Sweet Little Nothings: 12 months




Onnie pictures in the chair are starting to get semi dangerous  We may or may not have tried to dive off the chair a few times but at least mommy got a few shoots. We might find a new location if we continue :)

Dear Elliott,

 I probably should have started this letter a long time ago because I am completely drawing a blank. White canvas syndrome. Leaning more toward utter denial. I have some how blinked a few times this past year and this real person has bloomed right in front of my eyes. I used to almost roll my eyes when people would smile at me holding a little bitty you and plead with me, "She will be grown before you know it". OK! Whatever... But there is much truth in that. The nights of waking up several times, rolling over for the first time and cooing seem light years away from the little girl giving me hugs and kisses. All within a year. Your father and I were talking the other night about family and life. I think he hit the nail on the proverbial head when he said, " I am content. Its like she was exactly what we were missing all along". 
 A year ago today is when I saw you face to face for the first time. Best introduction ever. I've never written about my labor with you in these sweet little nothings. There was nothing dramatic about your entrance that I'm hiding. But I like to keep that one private. The beauty of a human entering this world and taking that first breath is really not something I can verbalize. Its a beauty I can only remember feeling and experiencing. I don't ever have to write it down. Its something I will never forget, etched in my heart forever. But as the months went by, I wanted to write down the little things. The things that make life worth living and laughing about. Your love for elmos, birds, lights and dance parties. Squeal when the bath water comes on. Time will fly on and I these little things will slowly fade. Always come back to this and know you were an awesome baby. I could not have been blessed with anyone more perfect that you. The first year of your life has been so magical to watch as your mother. Happy first birthday Elliott."You are exactly what we need and what was missing all along." 

Love, Mom



Oh the giggles you make when da-da makes you laugh. You are one big daddy's girl.

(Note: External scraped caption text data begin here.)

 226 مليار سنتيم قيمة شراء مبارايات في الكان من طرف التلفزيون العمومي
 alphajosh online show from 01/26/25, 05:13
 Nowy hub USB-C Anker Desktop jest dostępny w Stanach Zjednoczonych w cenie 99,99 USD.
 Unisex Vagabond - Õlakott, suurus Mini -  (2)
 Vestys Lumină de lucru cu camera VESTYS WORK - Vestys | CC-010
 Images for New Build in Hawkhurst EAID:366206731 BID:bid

You love all types of food. Blueberries are the top request at the moment. You also love the spinach smoothies your Aunt Lo makes. Like jump up and down squeal because we cant shovel it into your mouth fast enough. 

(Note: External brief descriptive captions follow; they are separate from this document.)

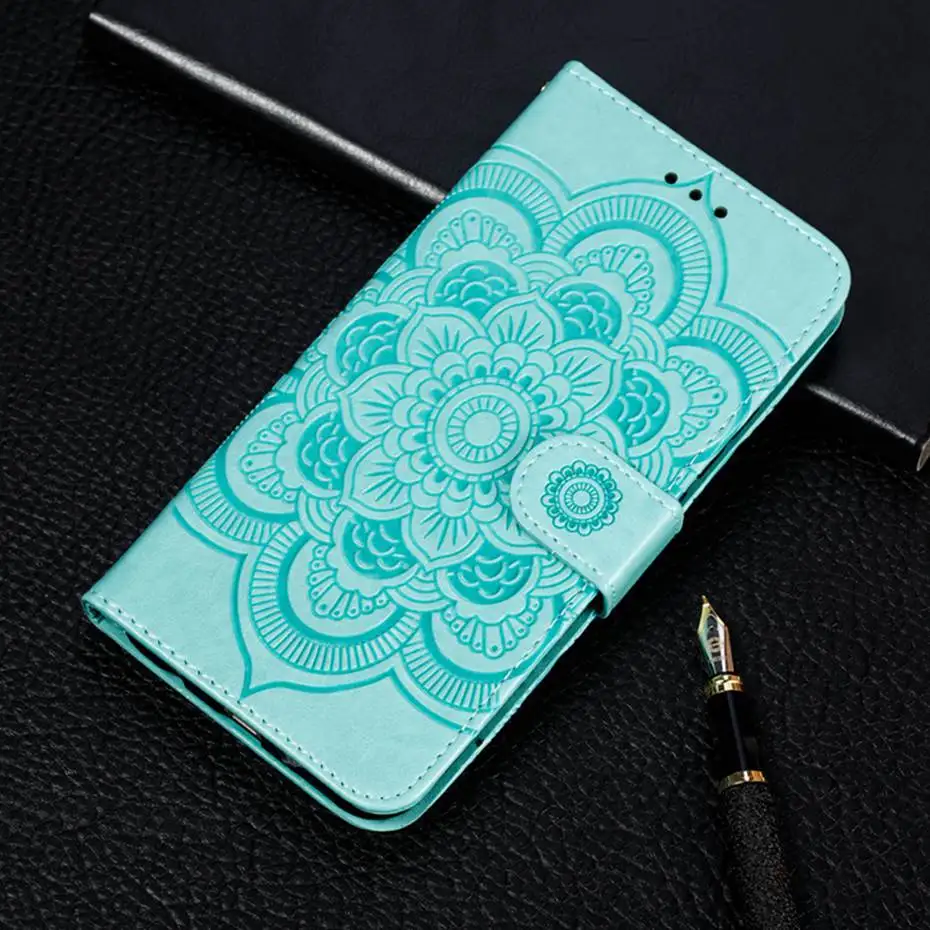 Green Из искусственной кожи флип чехол для Nokia Lumia 2,1 3,1 5,1 7,1 6,1 8,1 4,2 1 плюс бумажник чехол для телефона для NOKIA 9 PureView Fundas Capa Обложка - Цвет: Green
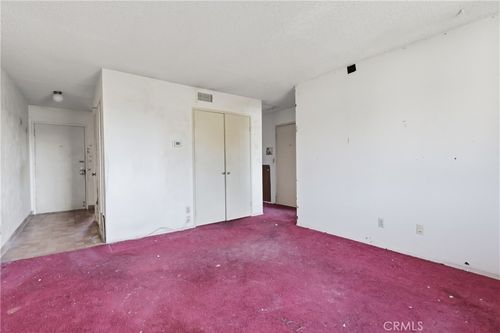 3-5905 Rosemead, Pico Rivera, CA, 90660 | Card Image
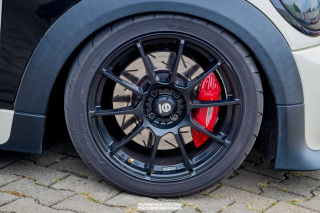 Drift_-Tuning_Chillen_bei_proReifen_213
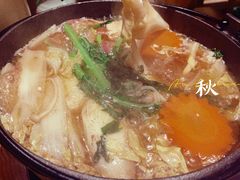 -赤稻·日式料理(禅城店)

We had a little birthday party at your school. We brought cupcakes and balloons and maracas to give to your friends. You were a bit confused at first because we were not hauling ass to get out of there. What? Ok, so you guys are going to stay here while I eat this cupcake super fast?? Cool. 






You have taken a few steps on your own. The most is 6 at the moment. Usually its two and then you dive into someones lap. You prefer your walker or anything that will walk with you. I think we might have to cut you off cold turkey because I know you can do it. 




Music is still a favorite of yours.  Top album this month is Daft Punk. You seriously dance hard.

You love to hug baby dolls.

You still put everything in your mouth. If I catch you doing it and tell you to stop and give it to mommy. You will. Shocked and pretty pumped you listen to my one demand :) 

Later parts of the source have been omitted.